§ YOUR GOAL
Below are entries. Give back exactly the lines from the one containing "97 Hollingsworth Circle" through the one containing "Photo 35 of", inclusive, without the pictures.

§ RECORDS PROVIDED
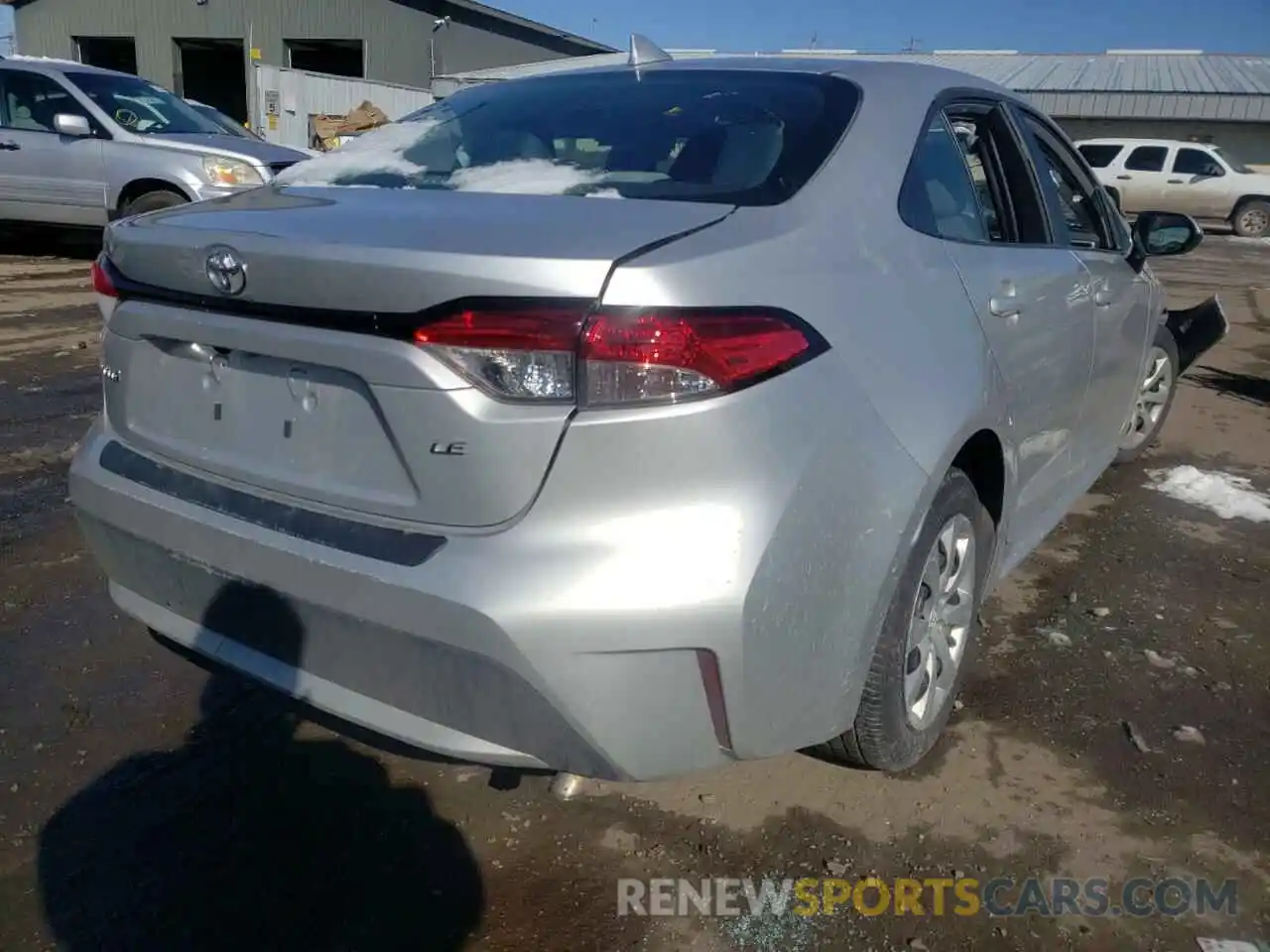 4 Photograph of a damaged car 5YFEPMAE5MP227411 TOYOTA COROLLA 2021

---

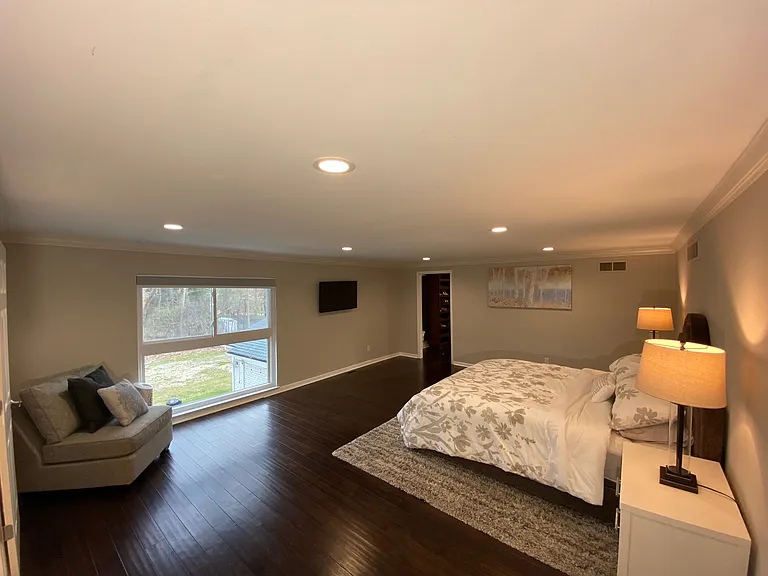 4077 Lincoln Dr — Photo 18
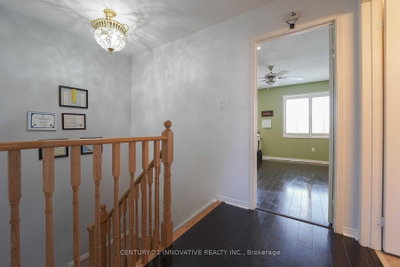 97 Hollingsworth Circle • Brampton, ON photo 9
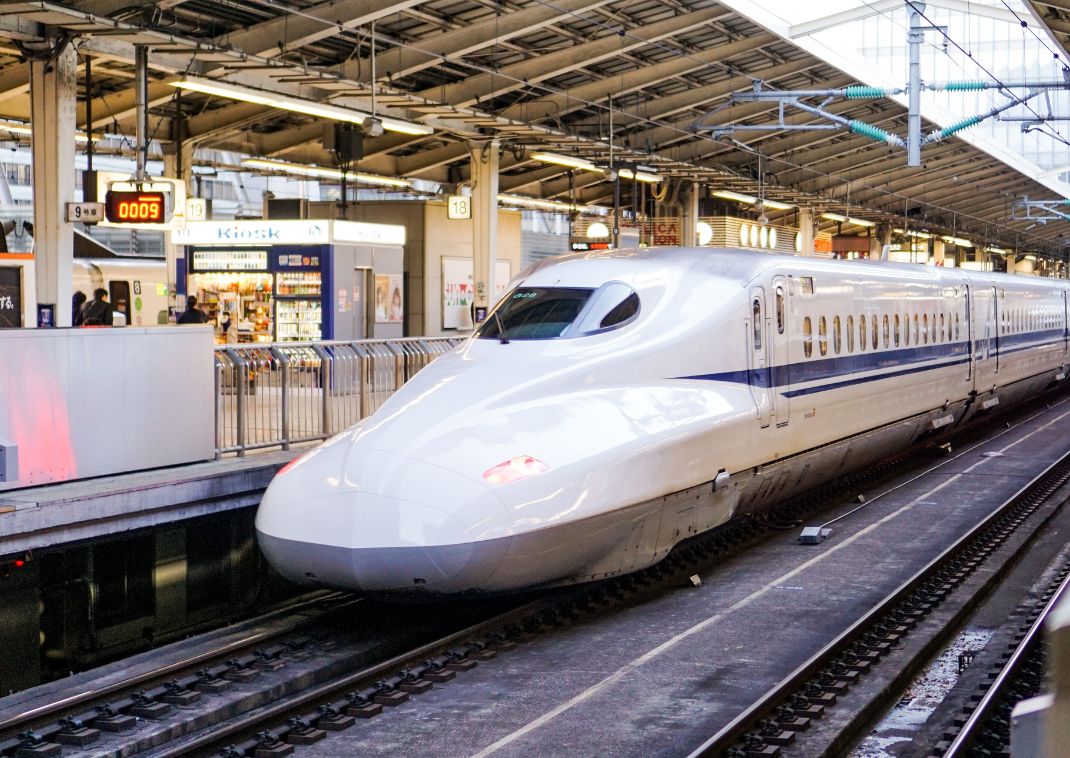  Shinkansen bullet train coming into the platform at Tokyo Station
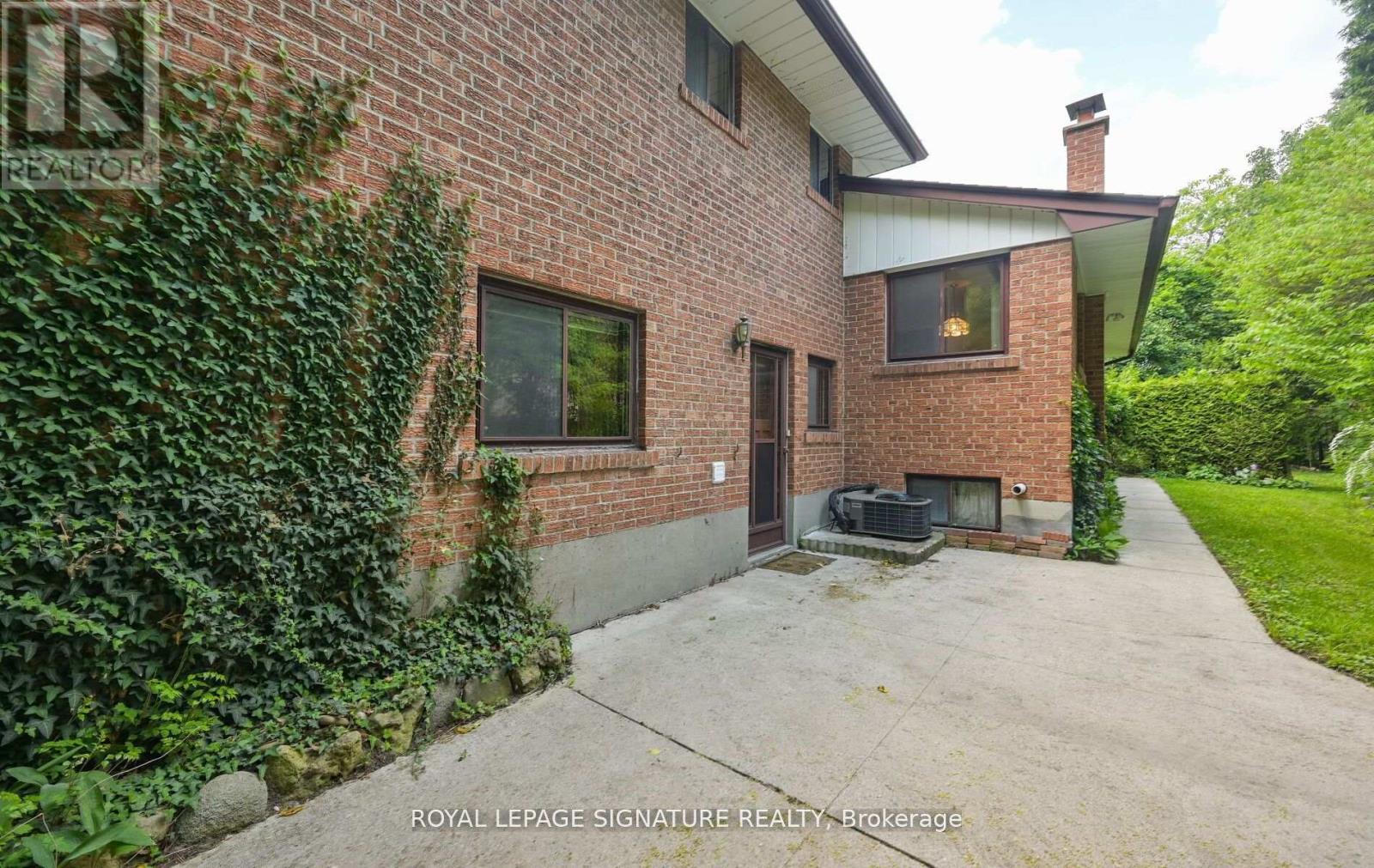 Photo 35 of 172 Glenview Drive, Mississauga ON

§ TASK ANSWER
 97 Hollingsworth Circle • Brampton, ON photo 9
  Shinkansen bullet train coming into the platform at Tokyo Station
 Photo 35 of 172 Glenview Drive, Mississauga ON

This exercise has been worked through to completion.